2012 was something spectacular, it was a year when I opened doors for myself, where I learnt to appreciate the smaller things. Where I started to appreciate myself and those around me. It was also a year of bad health, loss of friendships, and some really difficult times. If I could go back and change anything would I? I think the answer would be no. 2012 certainly wasn't perfect, in fact at times it was wearing. Now here I am sitting here with the intention of committing myself to a set of rules to live by for 2013. 'New Years Resolutions' lots of us make them, lots of us break them, but you know what, most of us are just trying to be better people than we are. So this year I have made some promises that my Resolutions will not be set in stone, that if I make them then that's great. If not its no big deal.
1. Ditch the Diet
I am so drained and tired of the years and years of Yo Yo dieting.

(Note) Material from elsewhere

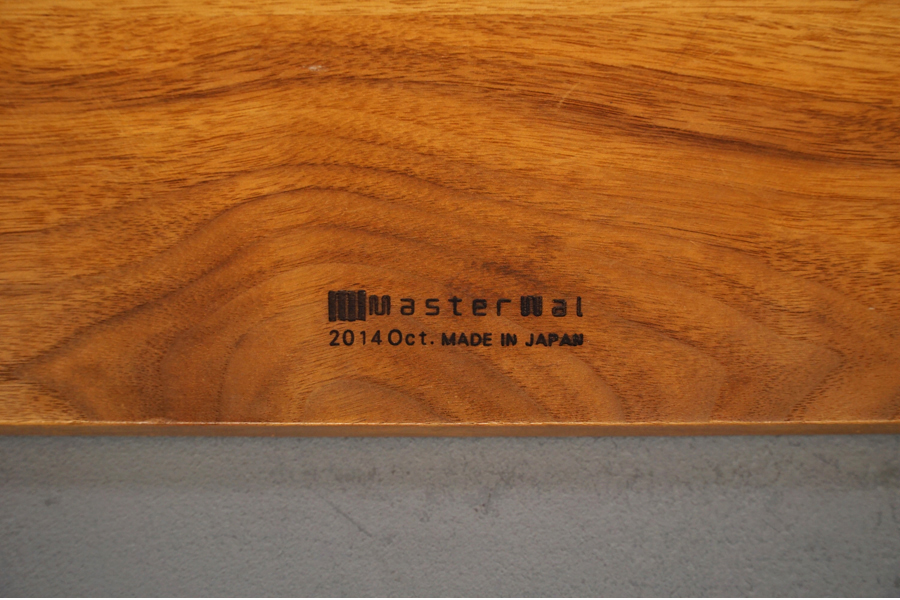 Master Wal (マスターウォール) -アドア東京- WILDWOOD (ワイルドウッドダイニングテーブル) ウォールナット無垢材 幅180cm アカセ木工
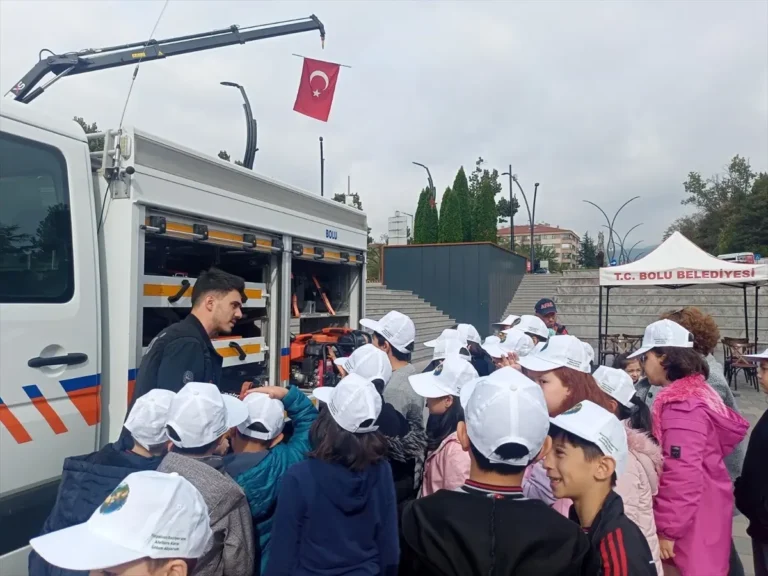 Bolu'da AFAD'dan 530 Bin Kişiye Afet Eğitimi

I have taken myself to the darkest places in a bid to get rid of my disgusting fat body. The truth is I have gotten bigger from the dieting. The diet industry is just one big ploy to take our money and make us feel bad about ourselves. Well I for one am not participating anymore. I want to live a happy and healthy life, therefore this year I will walk more, go to Zumba, go swimming, go for a bike ride, have that chocolate bar but also have those vegetables. Love my body and throw away useless shit books like the one below!
2. Stop seeking approval from everyone.
I have serious anxiety issues and they stem from bad things but I refuse to let them control my life. I don't need to ask everybody three times over for approval of what I am wearing, where I am going on my holiday, what I do with my own money. No it stops now, this is my life and I need to be secure in my choices, if they don't work out that's another lesson learnt and I can live with that.
3. Be more appreciative of Dan.
It feels like Dan was brought as a blessing into my life, he came at just the right time, he changed everything he was my first love and will be my last. I couldn't even write a paragraph long enough to say how much this boy does for me. I know that at times I can be a high maintenance bossy bitch yet he still sticks around he still loves me flaws and all. I don't think a day goes by when his childish, foolish ways don't make me laugh. This year I want to take the time to be more attentive to him, to do more things that he wants to do, to stop moaning at him for stupid things, and to stop trying to change him and remember he is perfect just as he is.
4. Go out more, see more, do more.
I love my home so much and it has to be said that I am a little bit stuck in my ways when it comes to choosing staying in over going out. I need to remember that I have my whole life to sit in my house and be content but I am only young once and that I need to be out more, meeting new people, drinking nice drinks, eating nice meals, experiencing new things. Exploring London! I am so blessed to live here and need to make use of the her beauty.
5. Appreciate friends more.
My friends do a lot for me, and I need to stop reminding them I do a lot for them, its not a good trait to keep track of the things you do for people to then use it against them at another time. Keep those things in mind in your own head, it will show you that you are trying to be a good person and that you don't give to receive. Make time for your friends, make an effort, support them in their endeavors be there for them when they make mistakes just as they are for you.
6. Finally, Blog more.
Blogging has brought something else to my life, something that is just mine. I have made wonderful friends and got to do some really amazing things through it and it has improved my confidence so much. I hope to blog more for 2013 and to share with my readers a little bit of my life. Happy New Year!